И уж на чем-чем, а на оргиях создатели сериала оторвались по полной программе: тут и космический рейв, перерастающий из общего танца в массовую вакханалию, и лесная игра в прятки, переходящая в коллективный секс в грязи, и ежедневные оргии на вечеринках, за участниками которых в формате POV может следить любой желающий (так, к примеру, делает Дикарь Джон, снедаемый ревностью к возлюбленной Ленине). Групповой секс и постельные сцены в экранизации встречаются так часто, что вполне могут стать визитной карточкой всего шоу, как это произошло с недавней мелодрамой «Нормальные люди». Но если в британском сериале половые утехи, постепенно вылившиеся в сексуальные девиации, тесно связаны с развитием главных персонажей и их переживаниями, то в «Новом мире» эротика выглядит доминантой чрезвычайно качественной и красивой, однако совсем необязательной с художественной точки зрения, поскольку ее очевидной задачей является привлечение массовой аудитории.
Шекспировская любовь и неизбежное для нее чувство собственничества, которые Хаксли противопоставлял полигамному распутству «Нового мира», в сериале, следуя духу времени, подвергаются критике. Здесь шоу попадает в точку: ревность Дикаря Джона по отношению к привыкшей ко многочисленным связям Ленине последняя оправданно воспринимает как «еще одну тюрьму». Моменты, обыгрывающие запреты на моногамию и материнство, сериал удачно подает с добрым юмором — в отличие от сатирической книги, в которой такие эпизоды скорее призваны шокировать читателя XX века. Красочные и эстетически выверенные сцены секса, а также редкие, но качественные экшен-эпизоды (в серии с атакой дикарей на туристов-новомирцев авторы явно вдохновлялись антиутопичным шедевром Альфонсо Куарона «Дитя человеческое») помогают удержать внимание на экране, однако остаются единичными яркими моментами сериала — все потому, что вереница различных тем между ними вроде бы и разнообразна, но крайне поверхностна.

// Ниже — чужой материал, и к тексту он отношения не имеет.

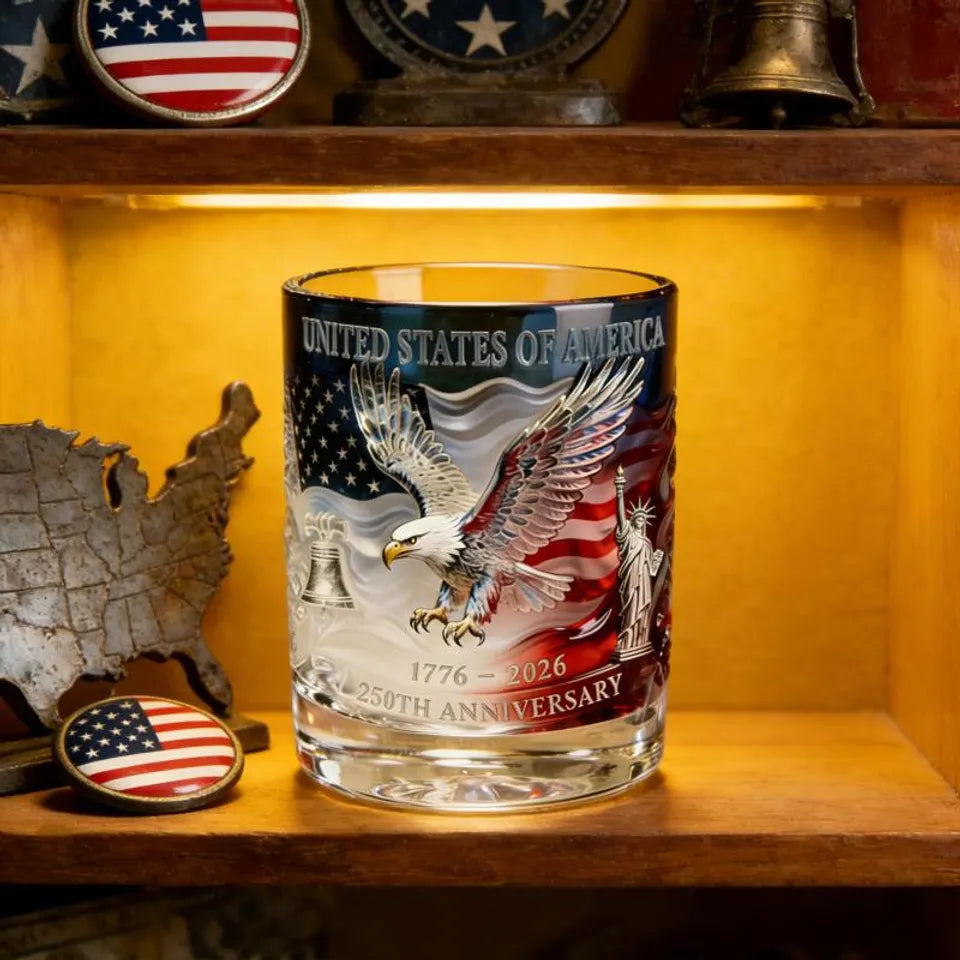 USA 250th Anniversary Rock Glass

Роман Хаксли эксплуатировал опасения современников, связанные с красной угрозой и последствиями развития консьюмеризма, феминизма, психологии. Его книга — гиперболизированное воплощение страхов консервативного общества, пародия на мир, который так никогда и не случился. Критика непобедившего коммунизма, звучавшая в книге начала прошлого столетия, выглядит сегодня далекой, непонятной и скучной. Страшилки, связанные с консьюмеризмом и индустриализацией, которыми Хаксли еще мог пугать в период их развития, в мире торжествующей культуры потребительства выглядят не менее нелепо.
Авторы сериала, осознавая, что мир сатирического романа устарел, постарались в декорациях «Дивного нового мира» изобразить современность с ее актуальными проблемами, не отдаляясь при этом слишком далеко от первоисточника. Поэтому «Дивный новый мир» пытается одновременно быть и триллером о тоталитарной власти, и мелодрамой о токсичных отношениях, хочет рассказать о конфликте индивидуума с обществом и даже осветить проблемы социального неравенства, вытекающего в кровавые погромы. Но почти каждый из этих пунктов затрагивается бегло, с перерывами на назойливую обнаженку. Этим телешоу скорее уподобляется «ощущалкам» из романа, чем предстает его экранизацией. Что ж, сериал заканчивается с заделом на продолжение — быть может, сбросив с себя бремя сюжета антиутопии 1932 года, в новом сезоне авторы смогут представить нечто более цельное.